* **WHAT YOU NEED TO DO**
In the listing below, locate the line with "Whatever amount you" and the line with "Hey guys, it's", then output both and everything between them exactly, minus any pictures.
◆ ◆ ◆ ◆ ◆
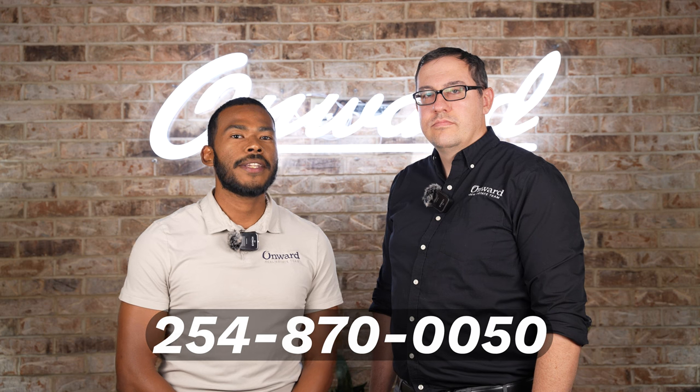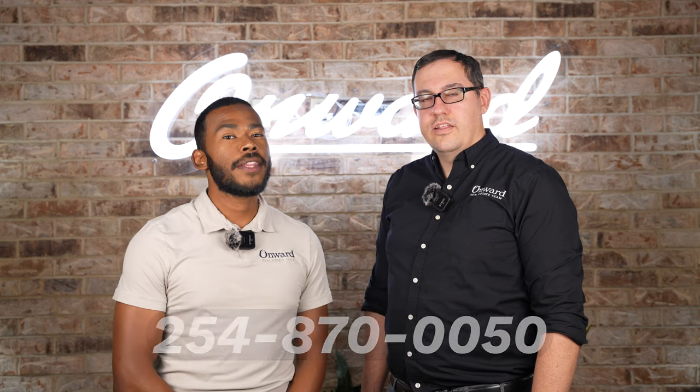Whether you think this is an industrial building or an event venue, give us a call at 254-870-0050. Here at the Onward Real Estate Team, we do real estate differently. Ask us how.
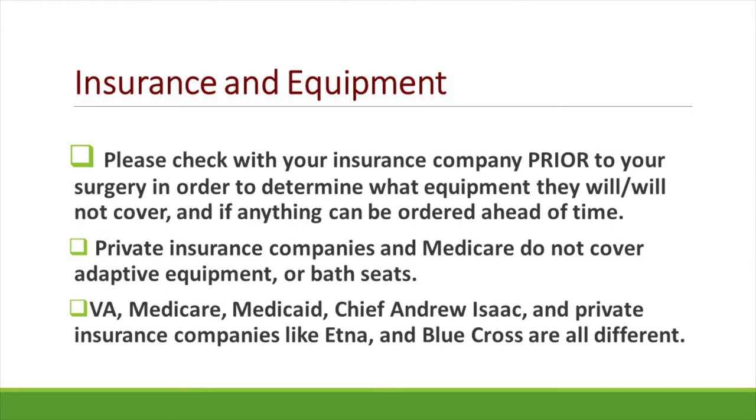As far as insurance and equipment, unfortunately Medicare does not cover bathroom equipment, so most of that must be purchased on your own. We recommend either a loan closet or utilizing what you already have. You are able to check with your insurance company prior to surgery to determine if they will cover any specific equipment. Insurance companies such as VA, Medicare, Medicaid, Chief Andrew Isaac, or private insurances all tend to be different, so it's important to check ahead of time.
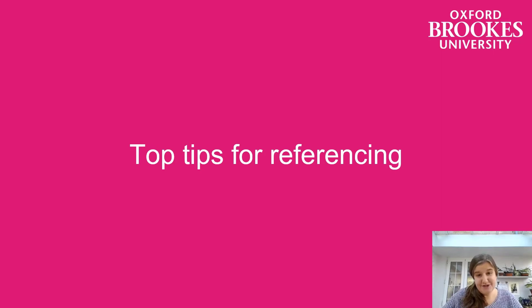Thank you for watching some of these videos on Brooks Harvard referencing. I'd just like to share a few top tips to finish with that I think might help you with your referencing.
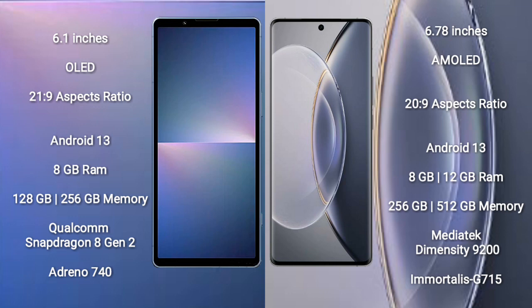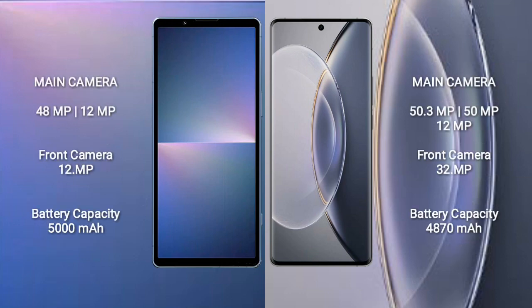The Vivo X90 Pro is powered by the MediaTek Dimensity 9200 processor with Mali G750 GPU. The Sony Xperia 5 Mark 5 features a dual rear camera setup with 48MP plus 12MP and a 12MP front camera. The Vivo X90 Pro features a triple rear camera setup with 50.3MP plus 15MP plus 12MP and a 32MP front camera.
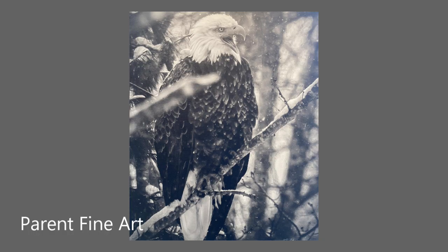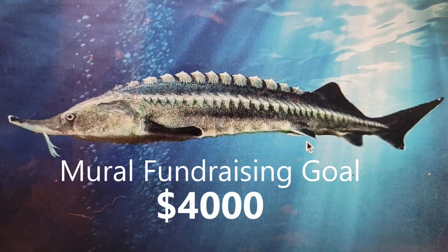Whatever amount you give, you will automatically be included in a raffle to win a $500 framed photograph by our local noted photographer Neil Parent of the Parent Gallery. And if you give $75, you get a signed print of the finished mural.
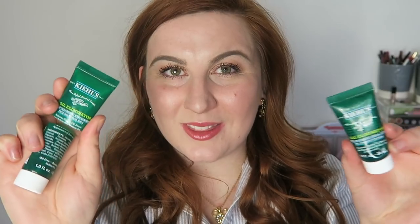I used two Kiehl's minis worth $3.30 each — the Oil Eliminator Deep Cleansing Exfoliating Face Wash for Men. I used it on my face once or twice but it was a little too drying for me, so I ended up just using them as a body wash. I definitely wouldn't go out and repurchase them to use as a body wash.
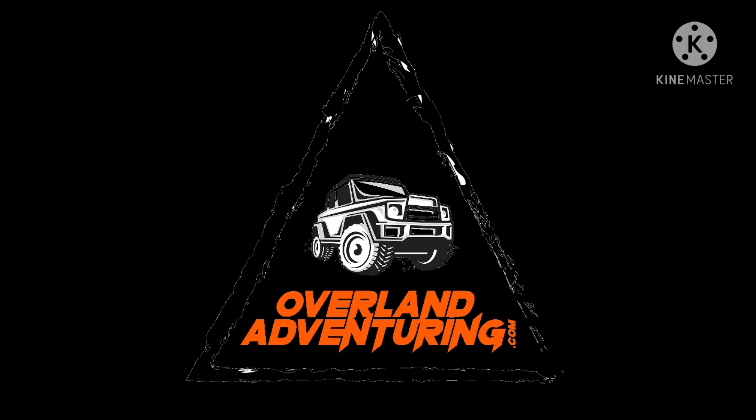Hey guys, it's Rocco from Overland Adventuring, and we're trying to name the Lunar Rover. If you have any name suggestions, put them down below in the comments.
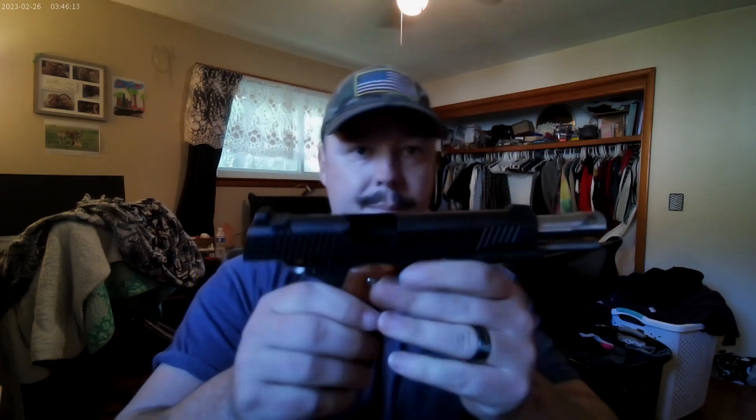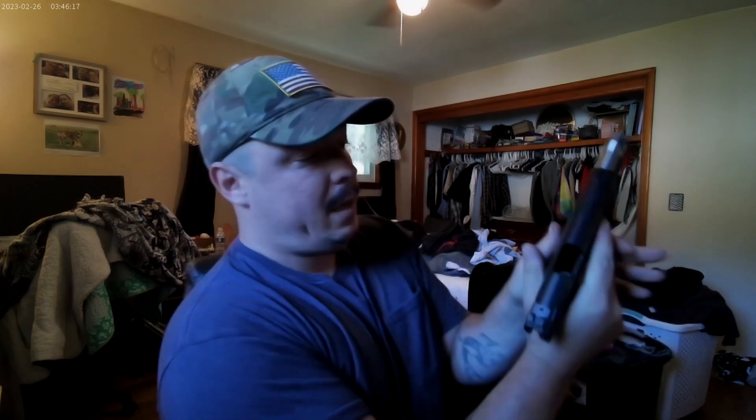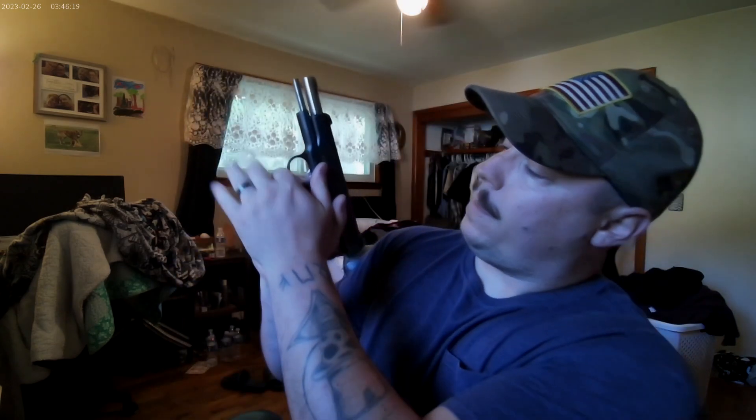Issue one: while I was shooting — this is a clear weapon, just to show everybody, no mag or anything in it — I had hit this with my hand because when I grip, I grip like this and I push that up, so it locked the slide back on a full mag essentially after one round.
◆ ◆ ◆ ◆ ◆
* **THE COMPLETED TASK**
Whatever amount you give, you will automatically be included in a raffle to win a $500 framed photograph by our local noted photographer Neil Parent of the Parent Gallery. And if you give $75, you get a signed print of the finished mural.
I used two Kiehl's minis worth $3.30 each — the Oil Eliminator Deep Cleansing Exfoliating Face Wash for Men. I used it on my face once or twice but it was a little too drying for me, so I ended up just using them as a body wash. I definitely wouldn't go out and repurchase them to use as a body wash.
Hey guys, it's Rocco from Overland Adventuring, and we're trying to name the Lunar Rover. If you have any name suggestions, put them down below in the comments.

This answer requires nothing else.